CMS data access and usage studies at PIC Tier-1 and CIEMAT Tier-2

Computing needs projections for the HL-LHC era (2026+), following the current computing models, indicate that much larger resource increases would be required than those that technology evolution at a constant budget could bring. Since worldwide budget for computing is not expected to increase, many research activities have emerged to improve the performance of the LHC processing software applications, as well as to propose more efficient deployment scenarios and techniques which might alleviate the increase of expected resources for the HL-LHC. The massively increasing amounts of data to be processed leads to enormous challenges for HEP storage systems, networks and the data distribution to end-users. This is particularly important in scenarios in which the LHC data would be distributed from sufficiently small numbers of centers holding the experiment’s data. Enabling data locality via local caches on sites seems a very promising approach to hide transfer latencies while reducing the deployed storage space and number of replicas elsewhere. However, this highly depends on the workflow I/O characteristics and available network across sites.

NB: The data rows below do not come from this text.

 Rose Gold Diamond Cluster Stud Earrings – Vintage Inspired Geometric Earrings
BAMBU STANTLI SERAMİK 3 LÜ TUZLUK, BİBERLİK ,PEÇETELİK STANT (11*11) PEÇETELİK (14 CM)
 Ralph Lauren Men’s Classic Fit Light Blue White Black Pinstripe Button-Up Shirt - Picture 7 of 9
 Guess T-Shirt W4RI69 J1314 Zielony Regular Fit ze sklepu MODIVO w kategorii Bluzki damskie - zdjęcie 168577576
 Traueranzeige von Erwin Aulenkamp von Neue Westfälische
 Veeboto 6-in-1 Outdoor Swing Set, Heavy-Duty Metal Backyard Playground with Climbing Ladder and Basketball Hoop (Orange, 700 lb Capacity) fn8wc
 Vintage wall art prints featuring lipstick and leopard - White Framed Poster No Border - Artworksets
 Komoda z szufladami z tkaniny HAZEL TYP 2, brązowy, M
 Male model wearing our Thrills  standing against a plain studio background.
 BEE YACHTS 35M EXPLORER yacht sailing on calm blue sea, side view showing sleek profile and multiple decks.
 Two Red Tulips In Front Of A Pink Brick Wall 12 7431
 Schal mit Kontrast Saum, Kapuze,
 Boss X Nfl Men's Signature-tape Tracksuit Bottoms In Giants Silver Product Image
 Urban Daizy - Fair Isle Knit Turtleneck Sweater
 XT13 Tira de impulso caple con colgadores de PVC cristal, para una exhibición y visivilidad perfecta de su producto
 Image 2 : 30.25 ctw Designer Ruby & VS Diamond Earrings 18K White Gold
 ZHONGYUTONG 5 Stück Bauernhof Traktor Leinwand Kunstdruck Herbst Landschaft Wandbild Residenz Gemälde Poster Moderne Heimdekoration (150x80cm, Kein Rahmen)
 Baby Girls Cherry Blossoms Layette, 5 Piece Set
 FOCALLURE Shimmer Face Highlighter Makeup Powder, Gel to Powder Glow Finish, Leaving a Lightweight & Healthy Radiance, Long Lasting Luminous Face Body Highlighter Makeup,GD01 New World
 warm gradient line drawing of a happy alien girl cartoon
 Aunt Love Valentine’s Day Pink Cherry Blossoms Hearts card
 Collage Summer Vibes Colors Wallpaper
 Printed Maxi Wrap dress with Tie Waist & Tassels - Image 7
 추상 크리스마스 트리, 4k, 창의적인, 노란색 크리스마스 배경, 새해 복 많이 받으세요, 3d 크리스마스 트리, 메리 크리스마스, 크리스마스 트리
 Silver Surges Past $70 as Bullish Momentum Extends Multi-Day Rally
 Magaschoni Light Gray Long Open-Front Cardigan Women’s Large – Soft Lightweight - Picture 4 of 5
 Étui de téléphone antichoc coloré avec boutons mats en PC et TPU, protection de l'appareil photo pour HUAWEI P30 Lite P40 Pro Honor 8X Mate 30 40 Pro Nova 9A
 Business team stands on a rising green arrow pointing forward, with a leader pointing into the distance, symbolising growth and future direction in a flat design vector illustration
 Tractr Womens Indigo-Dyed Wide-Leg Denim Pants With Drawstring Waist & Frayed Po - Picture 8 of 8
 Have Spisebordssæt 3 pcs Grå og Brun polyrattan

A crucial assessment is to study how the experiments are accessing and using the storage services deployed in sites in WLCG, to properly evaluate and simulate the benefits for several of the new emerging proposals within WLCG/HSF. In order to evaluate access and usage of storage, this contribution shows data access and popularity studies for the CMS Workflows executed in the Spanish Tier-1 (PIC) and Tier-2 (CIEMAT) sites supporting CMS activities, based on local and experiment monitoring data spanning more than one year. Simulations of data caches for end-user analysis data, as well as potential areas for storage savings will be reviewed.